[Start of Attachment]

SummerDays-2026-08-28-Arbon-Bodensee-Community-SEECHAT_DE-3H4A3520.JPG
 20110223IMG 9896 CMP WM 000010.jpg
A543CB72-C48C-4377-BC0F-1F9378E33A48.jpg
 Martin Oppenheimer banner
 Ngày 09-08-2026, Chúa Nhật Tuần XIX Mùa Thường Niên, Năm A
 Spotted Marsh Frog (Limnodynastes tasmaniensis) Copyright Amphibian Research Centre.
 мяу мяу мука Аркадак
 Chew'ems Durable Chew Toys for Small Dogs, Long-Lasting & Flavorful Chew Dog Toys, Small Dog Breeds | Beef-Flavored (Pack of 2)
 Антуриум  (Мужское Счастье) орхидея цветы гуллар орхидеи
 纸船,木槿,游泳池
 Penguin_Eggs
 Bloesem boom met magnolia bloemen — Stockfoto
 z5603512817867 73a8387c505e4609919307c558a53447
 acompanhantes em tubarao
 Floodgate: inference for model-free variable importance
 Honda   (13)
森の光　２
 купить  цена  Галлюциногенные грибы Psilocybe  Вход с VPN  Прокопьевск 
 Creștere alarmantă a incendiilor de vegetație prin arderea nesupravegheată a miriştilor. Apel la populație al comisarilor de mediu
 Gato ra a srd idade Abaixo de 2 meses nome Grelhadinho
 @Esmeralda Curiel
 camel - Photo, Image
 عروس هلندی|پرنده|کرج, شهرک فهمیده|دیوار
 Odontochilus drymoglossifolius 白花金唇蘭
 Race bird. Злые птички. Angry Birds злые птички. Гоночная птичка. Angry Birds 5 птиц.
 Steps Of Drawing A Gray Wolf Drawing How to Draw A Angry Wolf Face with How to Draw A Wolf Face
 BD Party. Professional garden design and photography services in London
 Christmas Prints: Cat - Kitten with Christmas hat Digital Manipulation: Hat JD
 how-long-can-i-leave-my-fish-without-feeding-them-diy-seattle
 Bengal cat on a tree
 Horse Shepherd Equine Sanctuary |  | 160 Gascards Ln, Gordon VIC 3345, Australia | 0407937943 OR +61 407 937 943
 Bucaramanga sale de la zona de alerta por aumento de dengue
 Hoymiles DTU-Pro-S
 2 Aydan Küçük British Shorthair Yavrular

[End of Attachment]

The expected output is the run of lines from the one that includes "Ngày 09-08-2026, Chúa" through the end of the listing above, exactly as they stand.

Answer to this task:
 Ngày 09-08-2026, Chúa Nhật Tuần XIX Mùa Thường Niên, Năm A
 Spotted Marsh Frog (Limnodynastes tasmaniensis) Copyright Amphibian Research Centre.
 мяу мяу мука Аркадак
 Chew'ems Durable Chew Toys for Small Dogs, Long-Lasting & Flavorful Chew Dog Toys, Small Dog Breeds | Beef-Flavored (Pack of 2)
 Антуриум  (Мужское Счастье) орхидея цветы гуллар орхидеи
 纸船,木槿,游泳池
 Penguin_Eggs
 Bloesem boom met magnolia bloemen — Stockfoto
 z5603512817867 73a8387c505e4609919307c558a53447
 acompanhantes em tubarao
 Floodgate: inference for model-free variable importance
 Honda   (13)
森の光　２
 купить  цена  Галлюциногенные грибы Psilocybe  Вход с VPN  Прокопьевск 
 Creștere alarmantă a incendiilor de vegetație prin arderea nesupravegheată a miriştilor. Apel la populație al comisarilor de mediu
 Gato ra a srd idade Abaixo de 2 meses nome Grelhadinho
 @Esmeralda Curiel
 camel - Photo, Image
 عروس هلندی|پرنده|کرج, شهرک فهمیده|دیوار
 Odontochilus drymoglossifolius 白花金唇蘭
 Race bird. Злые птички. Angry Birds злые птички. Гоночная птичка. Angry Birds 5 птиц.
 Steps Of Drawing A Gray Wolf Drawing How to Draw A Angry Wolf Face with How to Draw A Wolf Face
 BD Party. Professional garden design and photography services in London
 Christmas Prints: Cat - Kitten with Christmas hat Digital Manipulation: Hat JD
 how-long-can-i-leave-my-fish-without-feeding-them-diy-seattle
 Bengal cat on a tree
 Horse Shepherd Equine Sanctuary |  | 160 Gascards Ln, Gordon VIC 3345, Australia | 0407937943 OR +61 407 937 943
 Bucaramanga sale de la zona de alerta por aumento de dengue
 Hoymiles DTU-Pro-S
 2 Aydan Küçük British Shorthair Yavrular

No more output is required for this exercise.